On Thursday, 15 August 2013 at 01:03:24 UTC, Tyler Jameson Little
wrote:
On Wednesday, 14 August 2013 at 17:35:24 UTC, Joakim wrote:
While remote desktop is decent, it's trying to do too much:
mirroring an entire desktop is overkill. Better to use a lean
client that handles most situations.
Maybe this is because I'm used to Linux, but I generally just
want to forward an application, not the entire desktop. On
Linux, this is trivial:
$ ssh -X user@host
$ gui-program <args>
However, Windows doesn't have this workflow, so mirroring the
entire desktop became necessary.
Sure, but X forwarding is still laggy, as you pointed out.
Simpler is usually better, as long as simpler doesn't prevent
you from creating something robust on top.

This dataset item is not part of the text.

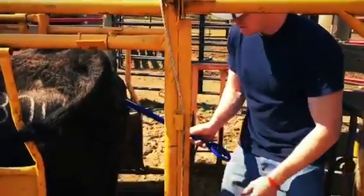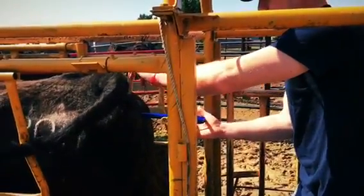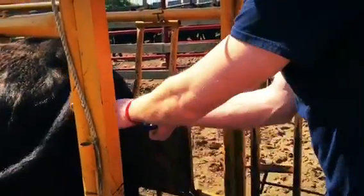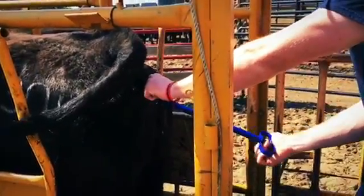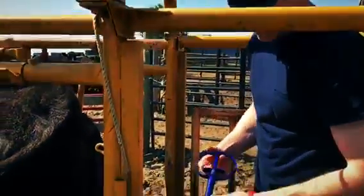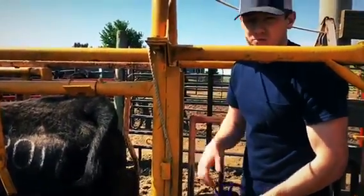You start at a 45-degree angle so that you don't hit the bladder. You go up, in, in as far as you can go. There's a trigger right here on the Easy Breeder — you trigger it and give it a couple of little pulls like that. You'll see that the CIDR is still in and the gun is out. You'll see the tail here, and when it's time to take it out, you pull on the tail and it'll just pop right out.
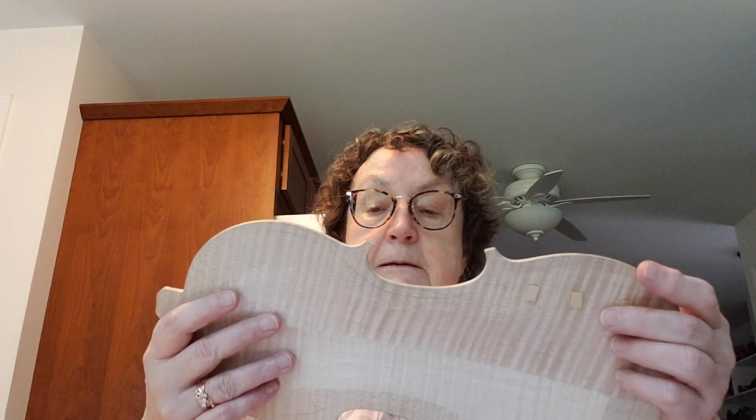That will become a viola back. It has matching sides, and a matching neck block for the neck and scroll. Then you start the tops and the bottoms. Here's a bottom in progress — this is the maple piece. It has the purfling already installed, which is actually inlaid wood. It's not painted on as many people think.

Well, that's where the problems come in. :) Making something
robust usually implies complexity.
Best to split up the job, client-server runtimes, like webapps or
the lean Crack client I'm talking about, handle most non-realtime
online GUIs, while other toolkits handle the offline or real-time
cases. No one toolkit can do it all, the market has already
splintered this way.
In a widget toolkit, I think the same applies: make just enough
controls that most people are satisfied, then make the toolkit
easy to extend with custom controls.
I'm suggesting taking that philosophy to an extreme: almost no
local controls, just a simple rendering runtime that slaps up
rectangles and renders text, along with a few niceties like
caching to lessen lag. All the controls are composed and placed
into a layout on the server, which then tells the client how to
build those controls out of very simple primitives: put a
rectangle here and render this png into it, which happens to look
like a button to the user. This won't work for side-scrolling
games or other real-time stuff that's usually done in Flash now,
but it will handle the long tail of apps.